Re: PROV-ISSUE-65 (domain-specific-info): How is domain specific data combined with the generic model [Conceptual Model]

Hi Luc,

OK, I'll give it a go. I can raise these as separate issues if you
think they are substantial and independent enough to warrant that.

Requirement 1.

Add a section on Expressing Domain-Specific Information (or similar).
I think this might be helpful to keep the model itself clean and
general and bring together all the information on how users might
include domain-specific data in their assertions. I'll refer to this
as EDSI in the requirements below.

Requirement 2.

Decide how domain-specific types of entities, process executions,
derivations, etc. can be included in PIL data, and express this in the
EDSI section. At the moment, this typing is only shown for entities,
defined in attributes '[ type: "File" ]', but process executions,
derivations etc. do not have attributes.

We could resolve this in different ways.
 (a) All concepts have attributes and the "type" attribute key is
standardised, e.g. isDerivedFrom(e2,e1, [ type:
"ex:isLaterVersionOf"]).
 (b) Only entities have attributes (to keep the ivpOf concept clear),
but all concepts have annotations and the "type" annotation key is
standardised, e.g. entity (e0, [ location: "/shared/crime.txt" ], [
type: "File" ]).
 (c) All concepts have identifiers and the type information is outside
PIL, e.g. give an example of using RDF for these external typing
assertions: "e0 rdf:type ex:File; derivation1 rdf:type dc:isVersionOf"
 (d) PIL allows sub-types of concepts to be expressed and then used in
place of those concepts, e.g. subtype (ex:File, pil:Entity); ex:File
(e0, [ location: "/shared/crime.txt", creator: "Alice" ])

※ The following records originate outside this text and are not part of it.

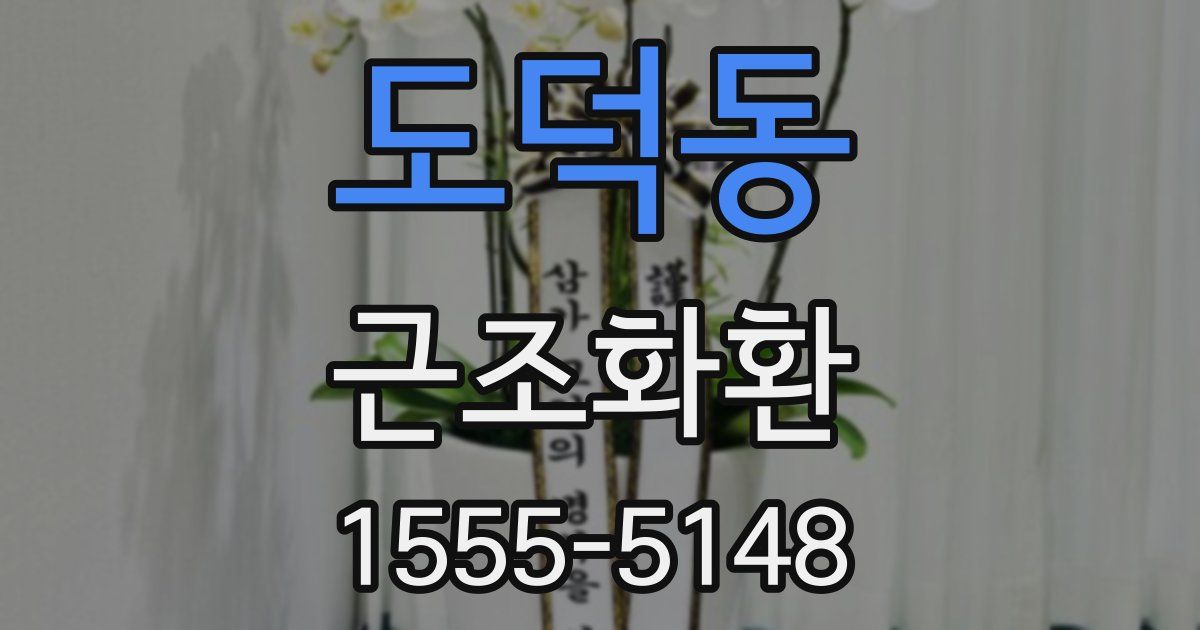 도덕동 근조화환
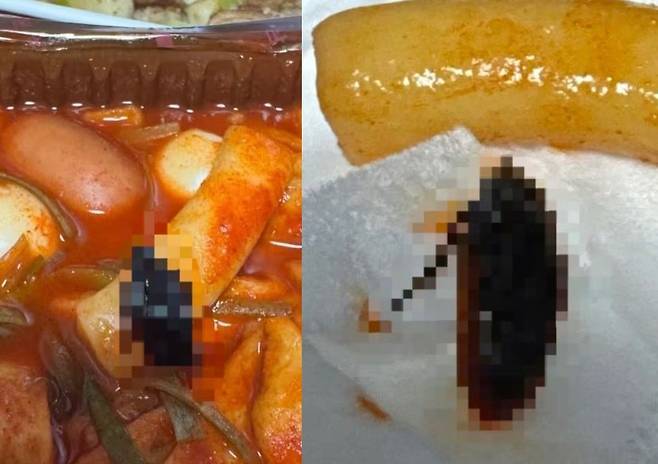 한 분식 전문 프랜차이즈의 배달음식에서 바퀴벌레가 나왔지만 부분 환불만 받았다는 주장이 제기됐다.​/사진= 스레드
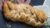 Breads – Vegan Cooking Class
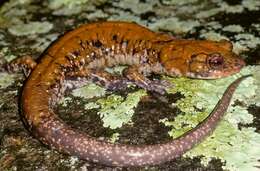 Image of Plethodon petraeus Wynn, Highton & Jacobs 1988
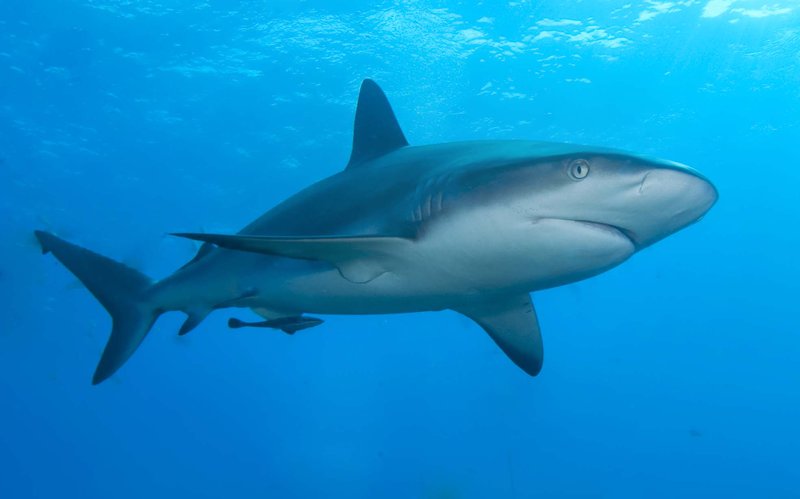 Caribbean reef shark, a common sighting on the French Cay wall dive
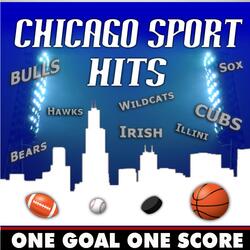 Go Cubs Go (Theme from ''We Believe'' The Movie)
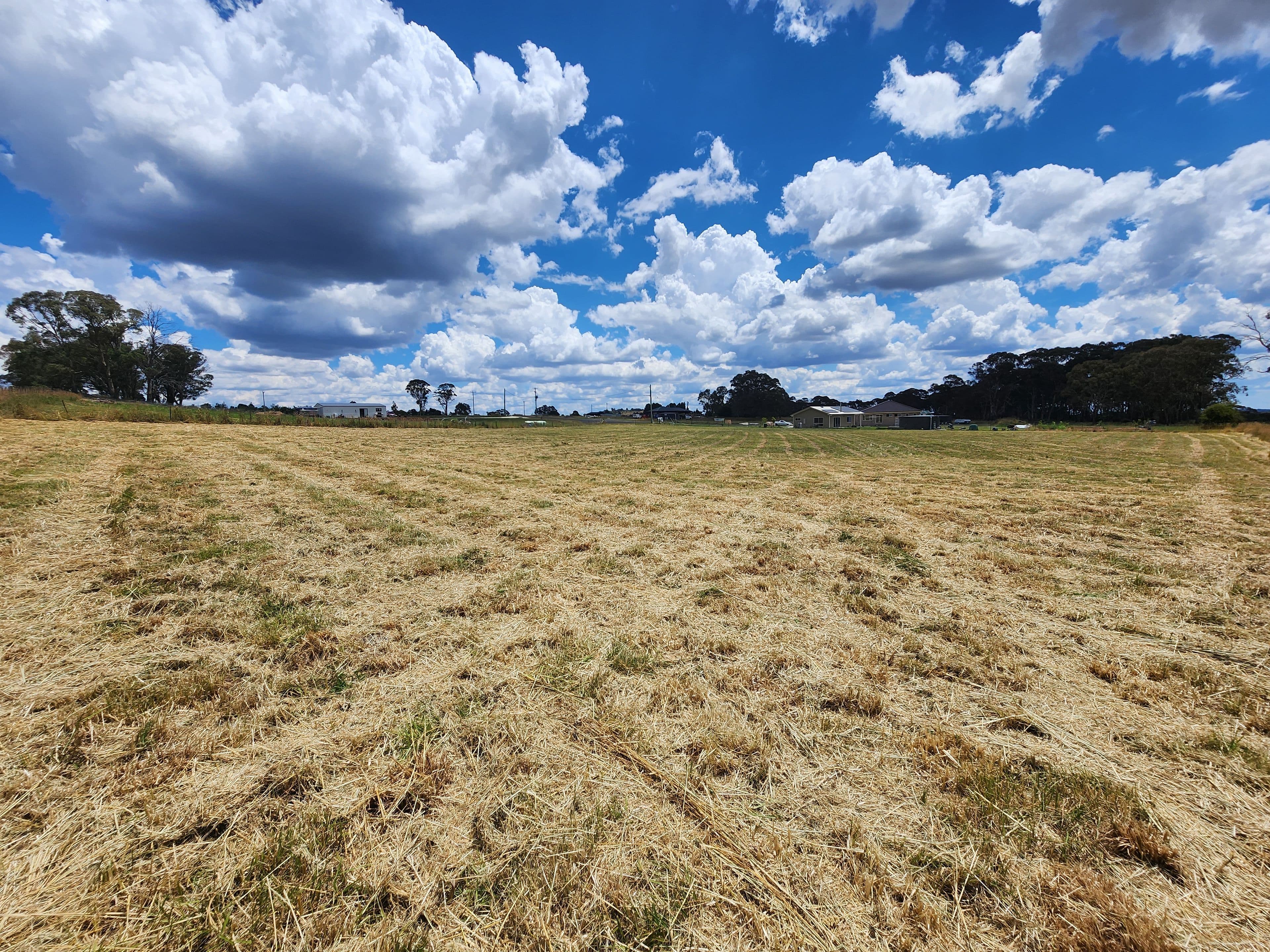 6 Elaine Close, Black Mountain NSW 2365, Black Mountain - Thumbnail 5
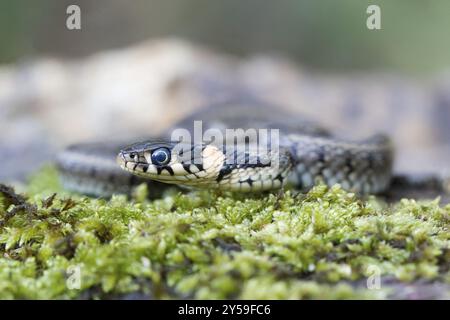 Vue latérale d'un jeune serpent d'herbe Banque D'Images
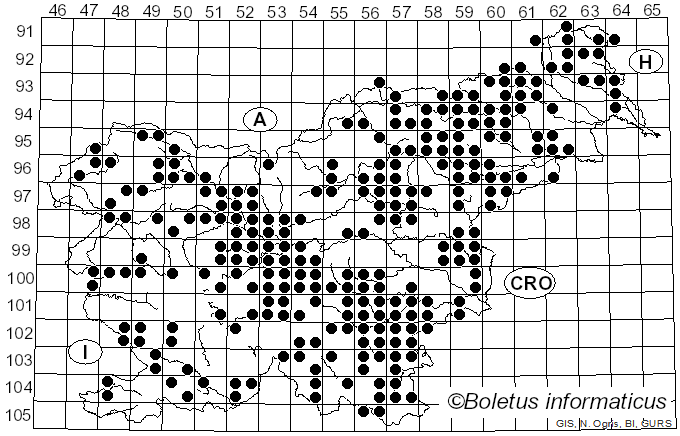 <i>Hymenopellis radicata</i> (Relhan) R.H. Petersen (2010)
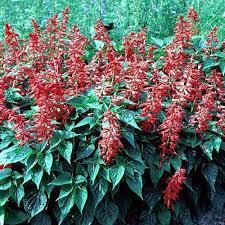 Image result for Salvia splendens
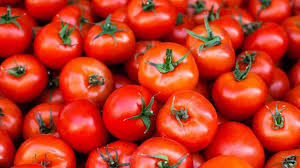 Fresh Tomatoes (Basket)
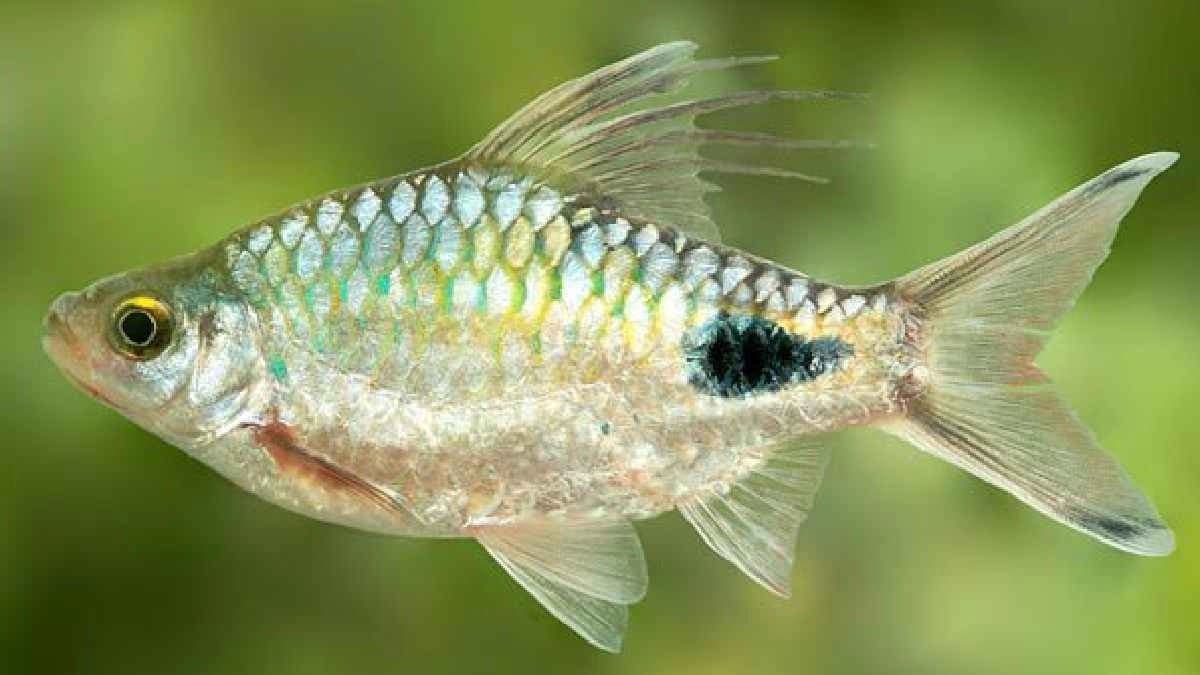 Scientists has discovered a new species of Cyprinid fish in Brahmaputra River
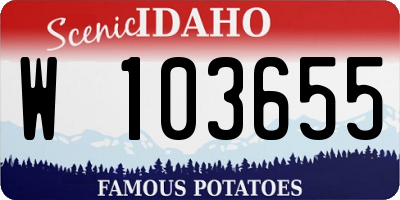 ID license plate W103655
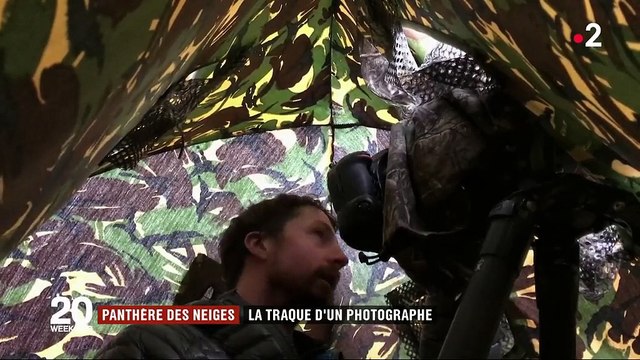 Panthère des neiges : la traque d'un photographe
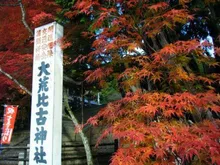 【紅葉・見ごろ】大荒比古神社 2026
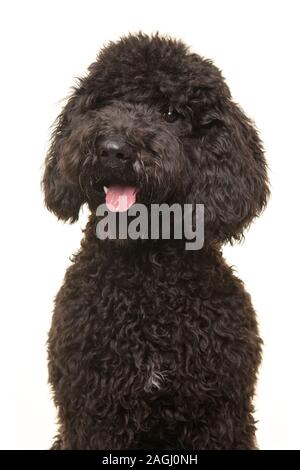 Portrait d'un chien à la voiture noire labradoodle isolé sur un fond blanc dans une image verticale Banque D'Images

I can see pros and cons to each.

Requirement 3.

Decide whether attribute names are from a limited set defined in the
model, or are domain-specific and extensible, and express this where
attributes are specified (e.g. with the definition of Entity). If
domain-specific, show the namespace in the examples, e.g. entity(e0, [
pil:type="File", geo:location="/shared/crime.txt", dc:creator="Alice"
])

Requirement 4:

Use only one term "characteristic" or "attribute" in the document, if
they denote the same thing, or make the distinction clear if not.

Requirement 5:

Show how the "numerous ways in which location can be specified" should
be done by example. For example, once Requirement 3 is resolved, say
there can be domain-specific attribute names drawn from different
ontologies each denoting location in some form, e.g. [
geo:hasCoordinates="23426,4567" ].

Requirement 6:

State explicitly, in the EDSI section, that the only ways to include
domain-specific data into PIL assertions is through the mechanisms
described in the requirements above, if that is true. If all concepts
are given identifiers, then state that these identifiers can be used
to make additional (non-provenance) assertions outside of PIL.

Thanks,
Simon

On 22 August 2011 22:22, Luc Moreau <L.Moreau@ecs.soton.ac.uk> wrote:
> Hi Simon,
>
> I think this is  a very important issue, but it's not clear to me, how
> to address it.
>
> Can it be broken in different requirements?
>
> Cheers,
> Luc
>
> On 29/07/11 16:00, Provenance Working Group Issue Tracker wrote:
>> PROV-ISSUE-65 (domain-specific-info): How is domain specific data combined with the generic model [Conceptual Model]
>>
>> http://www.w3.org/2011/prov/track/issues/65
>>
>> Raised by: Simon Miles
>> On product: Conceptual Model
>>
>> Any provenance data will be a mixture of PIL constructs and domain-specific information, e.g. file names, the Royal Society's membership, the event of the RS's foundation, etc. By domain-specific, I just mean things not defined in the conceptual model. It is not clear in the current document where this domain-specific information goes.
>>
>> There are a couple of hints about where it might go:
>>
>> 1. In the example, the attribute values appear to be domain-specific, e.g. "Alice" is not a generic part of the model. The attribute names might be domain-specific, as I don't think "type", "location", "creator" or "content" are defined in the model, but that might be a mistake in the model. Can attribute types be domain-specific?
>>
>> 2. Section 5.12 says that "there are numerous ways in which location can be specified", suggesting that it is made a domain-specific issue. I'm not clear whether the list of examples, "coordinate, address..." are examples of attribute types or something else. It is said that "Location is an OPTIONAL characteristics of BOB". I'm not sure if "characteristic" is related to "attribute", and if this is implying a generic attribute type called "location".
>>
>> But are there additional ways to include domain-specific information other than attribute types and values? It may be trivial to address, but seems important to make explicit, else it is not clear how to apply the language in practice.
>>
>> Thanks,
>> Simon
>>
>>
>>
>>
>
>



-- 
Dr Simon Miles
Lecturer, Department of Informatics
Kings College London, WC2R 2LS, UK
+44 (0)20 7848 1166

Received on Wednesday, 24 August 2011 11:41:01 UTC